Already on GitHub? Sign in to your account

UART0 Slow Baud Reset Issue on Arduino ESP32 | Update : Suggests reset issue while writing Core register dump for CPU 1 at UART0 Baud < 6207 #7092

Open
1 task done
gracengeer opened this issue Aug 6, 2022 · 14 comments
Assignees
Labels
Area: ESP-IDF related ESP-IDF related issues Status: Needs investigation We need to do some research before taking next steps on this issue Type: Bug 🐛 All bugs

Comments

@gracengeer
Copy link

gracengeer commented Aug 6, 2022

Board

ESP32 Dev Module

Device Description

None

Hardware Configuration

None

Version

v2.0.4

IDE Name

Arduino IDE, esp-idf on Visual Studio Code

Operating System

Windows 11

Flash frequency

80MHz

PSRAM enabled

no

Upload speed

921600

Description

ESP32 UART0 freezing and stuck at low baud rate and is unable to recover on WDT reset for exception errors

I am working on an ESP32 application which requires use of all three UARTs at low baud rate with UART0 baud rate strictly needed to be 4800 due to master IC specification.

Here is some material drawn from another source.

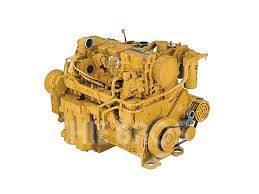 Perkins CAT Volvo Deutz Motor / engine Engines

To summarize, the behavior looks like following,

Arduino version for ESP32 : v1.0.4 with underlying esp-idf : v3.2.3 for Case 1 and Case 2
esp-idf : v3.2 for Case 3

Chip: ESP32- WROOM-32D
Flash : 16M (3M App + 9M FATFs)
Flash baud : 921600
CPU Freq : 240 MHz
Flash Freq : 80 MHz
Flash Mode : DIO
Debug Level : Info/Debug

Same behavior has been observed with latest Arduino version for ESP32 with esp-idf : v4.4.2 so it looks like have not been reported/fixed yet.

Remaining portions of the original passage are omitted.